With credit market turmoil prompting banks to tighten lending standards, consumers have had a tougher time qualifying for cheap mortgages, auto loans and home equity lines. That suggests households will cut spending.

Later on Friday, the Federal Reserve will release data on consumer borrowings and interest rates for January. Borrowings had been on an upswing for much of 2007 but the growth rate abruptly slowed in December, heightening concerns that consumers may be tapped out.

The White House acknowledged that the U.S. economy was stuck in a period of "low growth", and pointed to a recently passed $168 billion stimulus package as a way to address it.

Lehman Brothers economist Ethan Harris said the rebate checks would not be enough to prop up the economy.

"We now believe the tax rebate checks will arrive too late to prevent an outright recession," he said, adding that he expected the economy to dip into negative territory in the first and second quarters of the year.

"While we are penciling in a very mild recession, it is important to not get hung up on the 'recession, no recession' debate. The more fundamental point is that the economy is likely to experience an extended period of very weak growth, a rising unemployment rate and significant further Fed rate cuts."

The best hope for the federal stimulus package may be a less-discussed provision that gives companies a tax incentive to make purchases this year. That may boost corporate spending, cushioning the downturn.

There was one small silver lining in the ugly employment report. A sluggish labor market eases inflation pressures, making it easier for the Fed to lower interest rates.

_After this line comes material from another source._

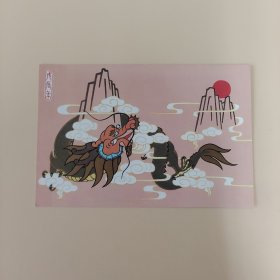 苍龙追日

The central bank has already cut rates by 2.25 percentage points since mid-September, and another cut of at least a half-point is widely expected when its policy team meets on March 18. Goldman Sachs economist Jan Hatzius said an emergency rate cut before that meeting was not out of the question.

J.P. Morgan's chief economist, Bruce Kasman, said he expects the Fed to cut by three-quarters of a point at the March meeting, and another half point in April.

"It is appropriate to characterize the U.S. economy as having entered a recession in the first quarter," he said.